Segment Start: SOURCE RECORDS

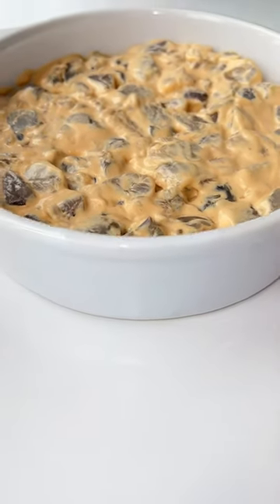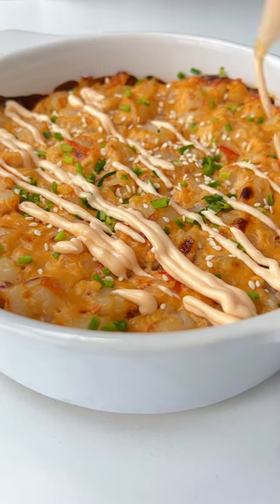Bake until golden in a few minutes on broil. Top with extra spicy mayo and follow for more.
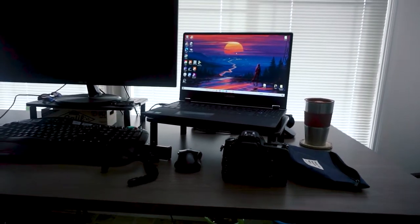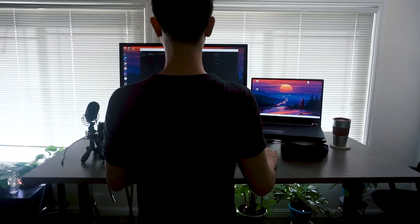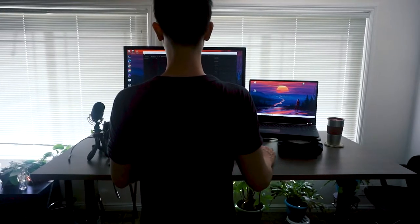What's up everybody? I'm Andrew and I thought I'd give you guys a quick review of what I think about this RealSpace Magellan 60-inch pneumatic height adjustable standing desk. I've been using this standing desk for about a week now and I just wanted to share my thoughts.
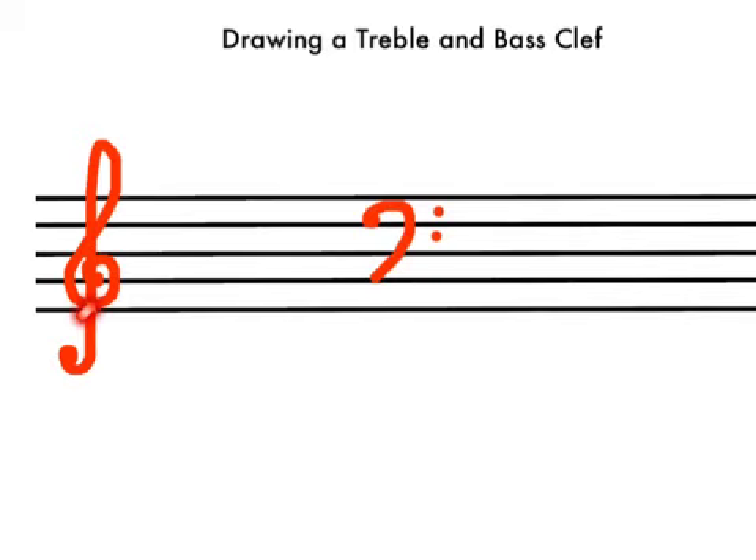This is the treble clef — it's sometimes also called a G clef. This is the bass clef — it's sometimes also called an F clef, because they start on G and F respectively.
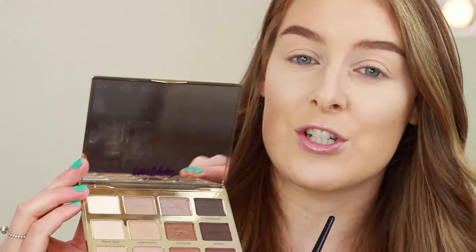I'm using the Tartelette In Bloom palette, and this is probably one of my favourite palettes that I've bought recently. It's so pretty and it's got lots of really nice shades. We're not going to be going too hardcore with the eyeshadow today. I'm going to start off by using the two palest shades, which are Charmer and Flower Child.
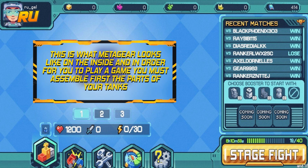This is what MetaGear looks like on the inside. In order for you to play the game, you must assemble the parts of your tank.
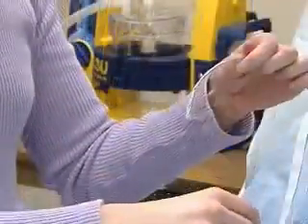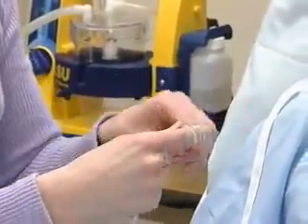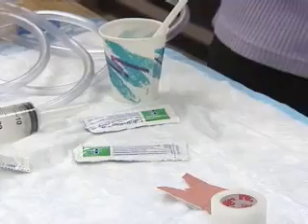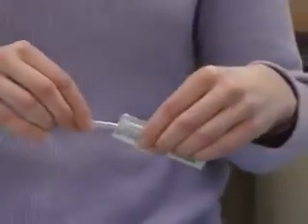We can create a gentle curve in the pliable tubing by winding 4 to 6 inches of tube tightly around the index finger. Then lubricate the end of the tube to be inserted — three or four inches should do.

Segment End: SOURCE RECORDS

WORK ITEM → Include the first line of the records, the line containing "I'm using the", and every line between them, repeated exactly. Skip the pictures.

EXERCISE OUTPUT →
Bake until golden in a few minutes on broil. Top with extra spicy mayo and follow for more.
What's up everybody? I'm Andrew and I thought I'd give you guys a quick review of what I think about this RealSpace Magellan 60-inch pneumatic height adjustable standing desk. I've been using this standing desk for about a week now and I just wanted to share my thoughts.
This is the treble clef — it's sometimes also called a G clef. This is the bass clef — it's sometimes also called an F clef, because they start on G and F respectively.
I'm using the Tartelette In Bloom palette, and this is probably one of my favourite palettes that I've bought recently. It's so pretty and it's got lots of really nice shades. We're not going to be going too hardcore with the eyeshadow today. I'm going to start off by using the two palest shades, which are Charmer and Flower Child.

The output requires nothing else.